Last updated: Thu 18 Apr 2024, 4:43 PM

E-commerce has witnessed an explosion in recent years. In the Middle East, e-commerce is estimated to reach $50 billion by 2025, driven by cutting-edge technologies and government policies to promote digital economies. This trend is further accelerated by a young and tech-savvy population embracing online shopping.

Smooth logistics is at the heart of successful e-commerce operations. We have witnessed logistics transform from a quiet, back-end operation into a strategic asset and value driver. At the same time, exciting new opportunities are opening up in the logistics industry to develop and apply innovative technology solutions to streamline operations.


In this context, Artificial Intelligence (AI) has enormous potential to optimise logistics. Today, AI is enabling possibilities for smarter route planning, which means faster deliveries with less fuel wasted. Customers also receive a more accurate time window for their delivery – and the flexibility to manage delivery. In an industry typically characterised by uncertainty, volatility and cumbersome processes, AI could be the technology businesses need to become more efficient.

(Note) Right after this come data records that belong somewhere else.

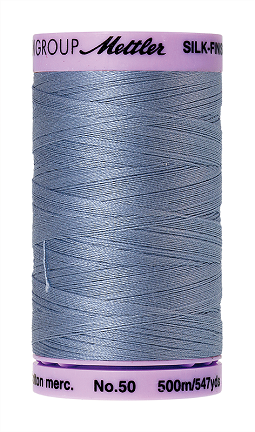 Mettler Thread - Silk-Finish 100% Cotton - 547 yds; 50 Wt. Summer Sky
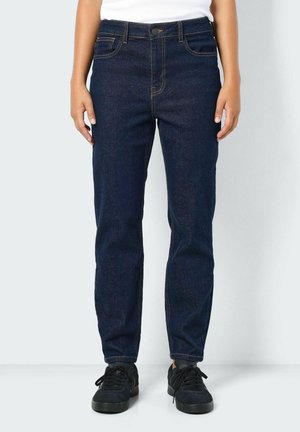 MONI  HIGH WAIST - Egyenes szárú farmer - dark blue denim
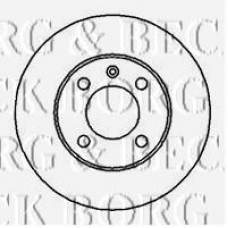 BBD4168 BORG & BECK Тормозной диск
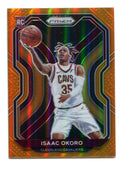 Isaac Okoro 2020 Orange Prizm Rookie Card 14/49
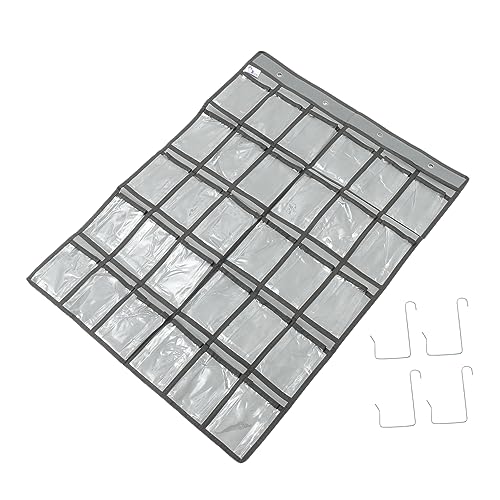 KOCKSHION Praktische Fächer Hängende Aufbewahrungstasche für Tür Wand Organizer für Schlüssel Handys und Kleinteile Haken für Zuhause und Büro KOCKSHION Praktische Fächer Hängende Aufbewahrungstasche für Tür Wand Organizer für Schlüssel Handys und Kleinteile Haken für Zuhause und Büro von KOCKSHION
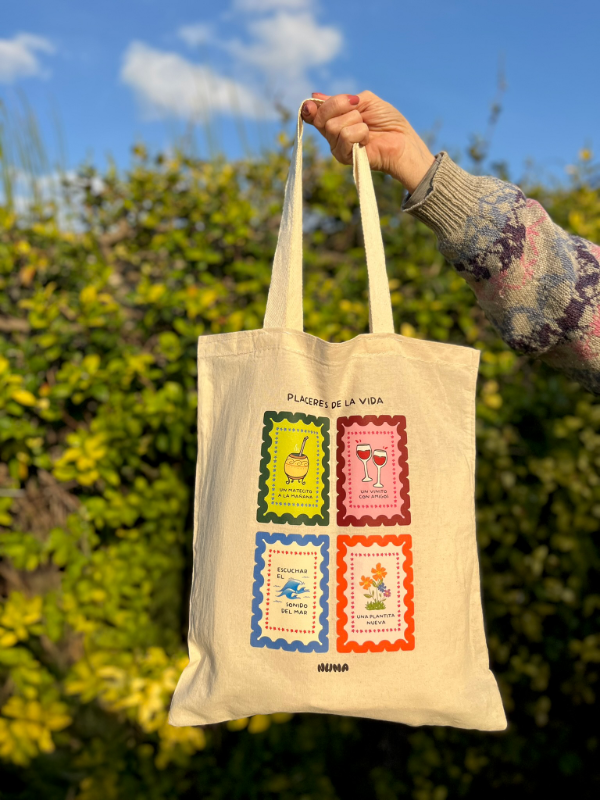 Producto - Totebag placeres de la vida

There are various types of AI with varying applications, ranging from geolocation and navigation, facial detection and recognition, to chatbots, digital assistants, speech-to-text dictation, and e-payment. These bring greater efficiency to operations, making the day-to-day activities of employees less manual while also delivering a more automated customer experience.


Today’s customers increasingly want to know when their deliveries will arrive. Using extensive forecasting models, it is possible to predict specific volumes of shipments that will arrive in a certain facility on a particular day. This information can then be used to start planning the couriers’ routes, matching volumes, service and other important variables. Once the packages are in the delivery vehicle, there is room for further route optimise using AI-powered software.

Amadou Diallo, CEO of DHL Global Forwarding Middle East & Africa
Amadou Diallo, CEO of DHL Global Forwarding Middle East & Africa

The impact of these developments on the logistics industry is huge, but further developments are expected in interactive AI, which will transform the customer experience. With Interactive AI, customer service automation makes immediate email responses, automated phone services, and integration with most widespread used text messaging platforms, possible.

Chatbots, in particular, can help logistics companies handle low to medium-volume call center queries about requesting deliveries, editing orders, shipment tracking, and responding to FAQs. Chatbots represent today’s fastest-growing brand communication channel with a handling rate of chat completion from start to finish at 68.9 per cent in 2020. They can also facilitate valuable analytics metrics, enabling the company to better understand customer needs and enhance the customer experience.

Analytics of data captured on an interactive AI platform can provide valuable insights to the business. For example, companies may better understand customer pain points and consumer behavior patterns, enabling more effective marketing campaigns to attract potential leads. Data analytics can help with price optimisation. Retailers can take advantage of better in-store and web-based layout mapping based on behavioral data. It can also help retailers and e-commerce businesses efficiently manage the supply chain while ensuring supply and demand are met at operational level.

Start-up vendors delivering sales and marketing intelligence as well as acceleration software tools are enabling companies to reach their full potential through interactive AI. Continuous adoption and scaling of interactive AI technology within warehouses and other operational environments as well as in back-office workflows could improve human-machine collaboration.

As the Middle East region braces itself for an expanding ecommerce market, seamless logistics will be critical to ensure productivity across the supply chain and transform customer interactions. Many logistics players and retailers are focusing on enhancing last-mile delivery, a crucial component of e-commerce fulfilment. Improved AI and automation will drive service upgrades, intelligent workflow automation and new customer experiences in the future.

The writer is CEO of DHL Global Forwarding Middle East & Africa.